### [Records supplied]

━━━━━━━━━━━━━━━━━━━━

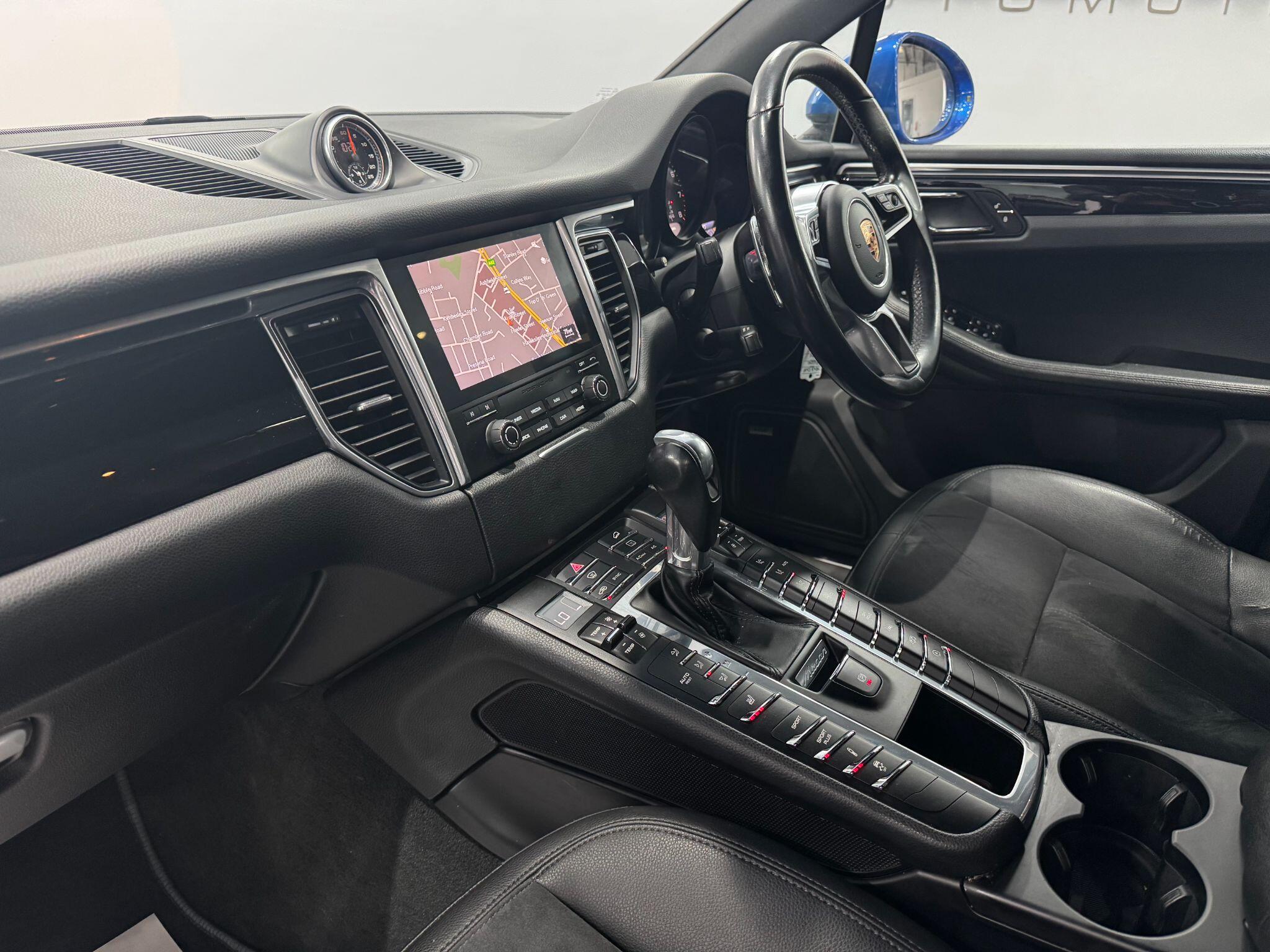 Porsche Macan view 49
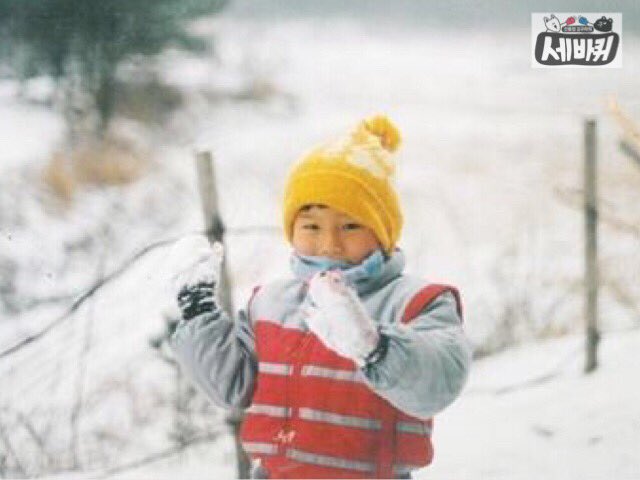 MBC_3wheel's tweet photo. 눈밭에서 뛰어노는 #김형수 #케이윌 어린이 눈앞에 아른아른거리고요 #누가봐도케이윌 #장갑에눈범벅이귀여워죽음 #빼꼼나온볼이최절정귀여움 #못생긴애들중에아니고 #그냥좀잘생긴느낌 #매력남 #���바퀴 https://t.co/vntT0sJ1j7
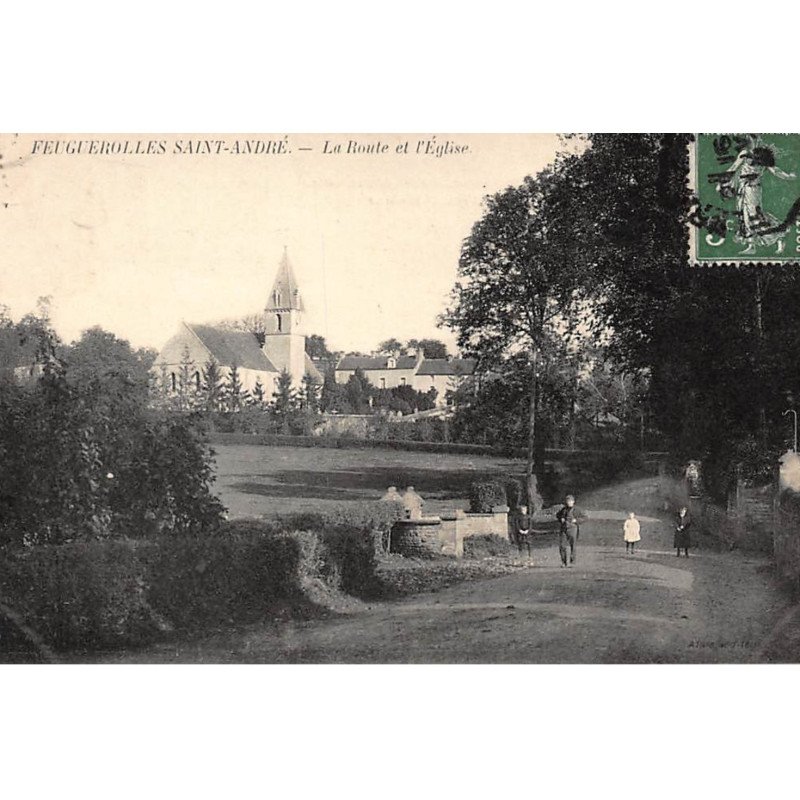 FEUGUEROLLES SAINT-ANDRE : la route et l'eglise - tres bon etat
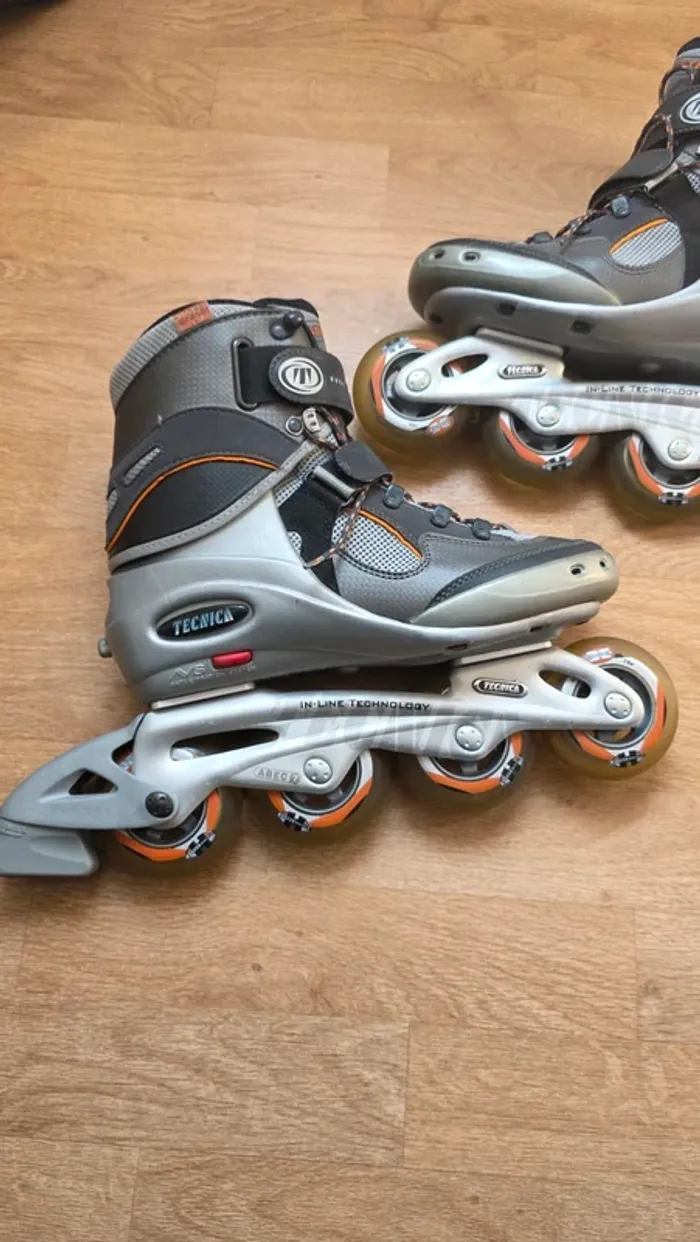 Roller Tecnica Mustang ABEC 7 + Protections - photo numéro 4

━━━━━━━━━━━━━━━━━━━━

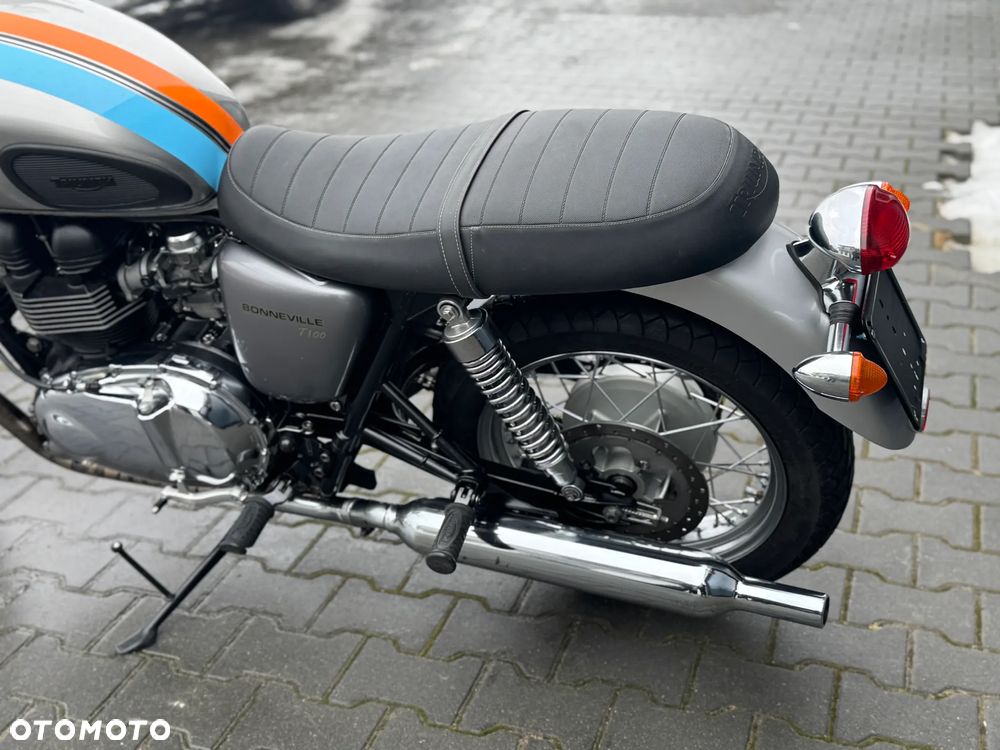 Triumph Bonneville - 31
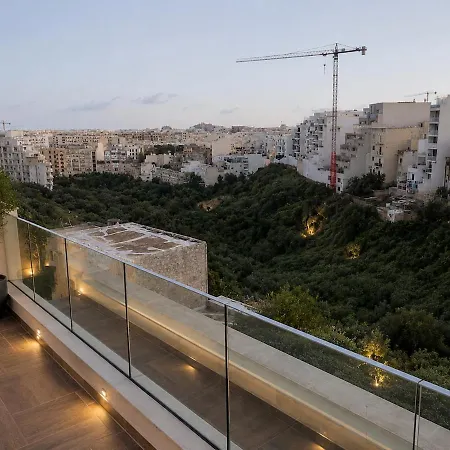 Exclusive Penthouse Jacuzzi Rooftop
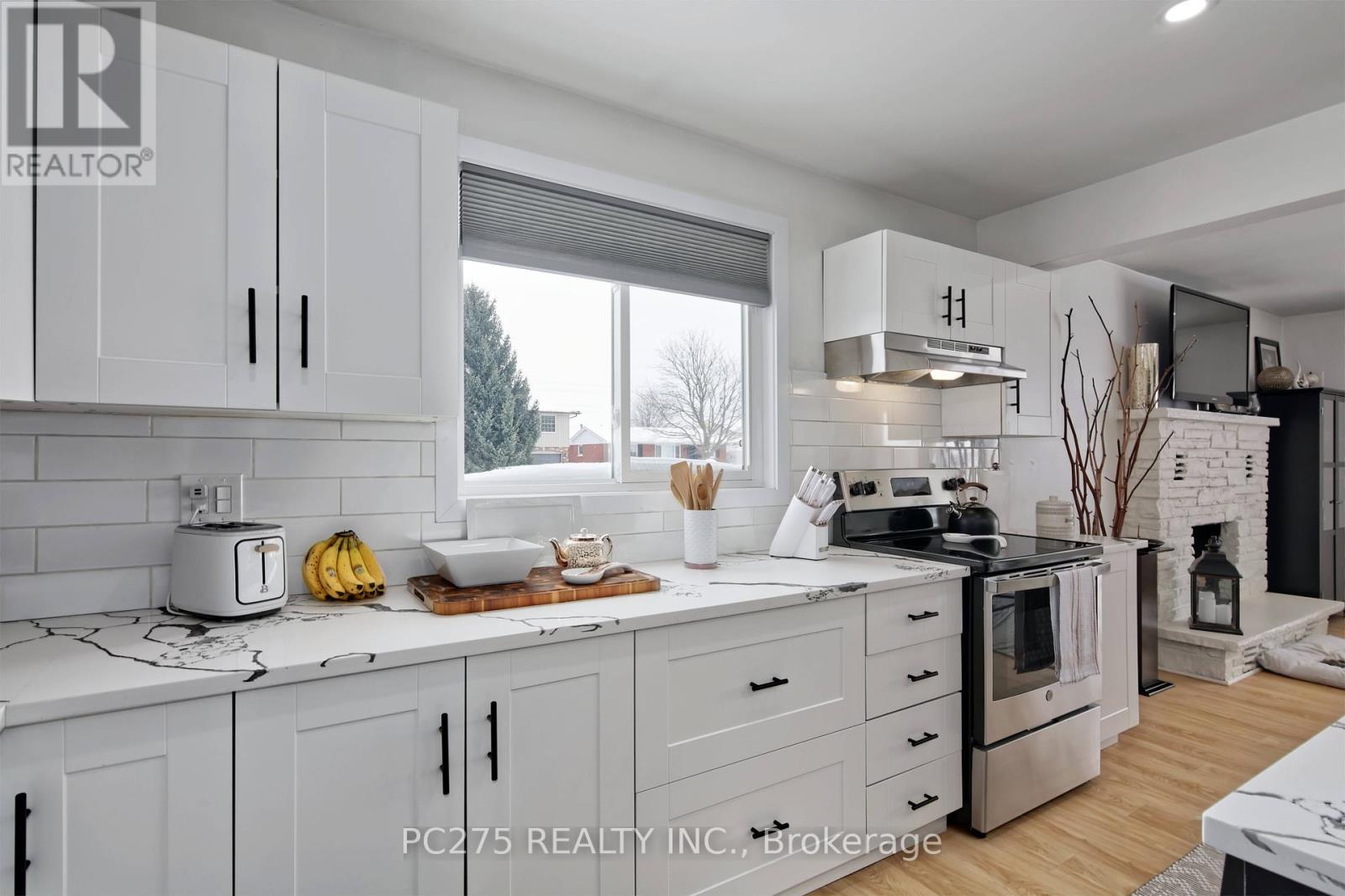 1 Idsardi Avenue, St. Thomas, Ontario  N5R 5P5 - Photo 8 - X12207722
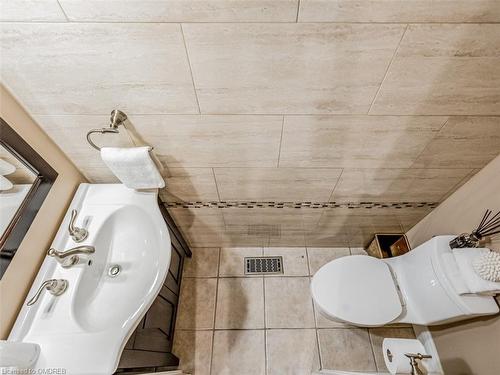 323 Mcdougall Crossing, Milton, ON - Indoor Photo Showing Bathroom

━━━━━━━━━━━━━━━━━━━━

### [Task]
Begin at the line in the entries above that has "MBC_3wheel's tweet photo.", stop after the line that has "FEUGUEROLLES SAINT-ANDRE : la", and output exactly those lines without pictures.

### [Completed task]
 MBC_3wheel's tweet photo. 눈밭에서 뛰어노는 #김형수 #케이윌 어린이 눈앞에 아른아른거리고요 #누가봐도케이윌 #장갑에눈범벅이귀여워죽음 #빼꼼나온볼이최절정귀여움 #못생긴애들중에아니고 #그냥좀잘생긴느낌 #매력남 #���바퀴 https://t.co/vntT0sJ1j7
 FEUGUEROLLES SAINT-ANDRE : la route et l'eglise - tres bon etat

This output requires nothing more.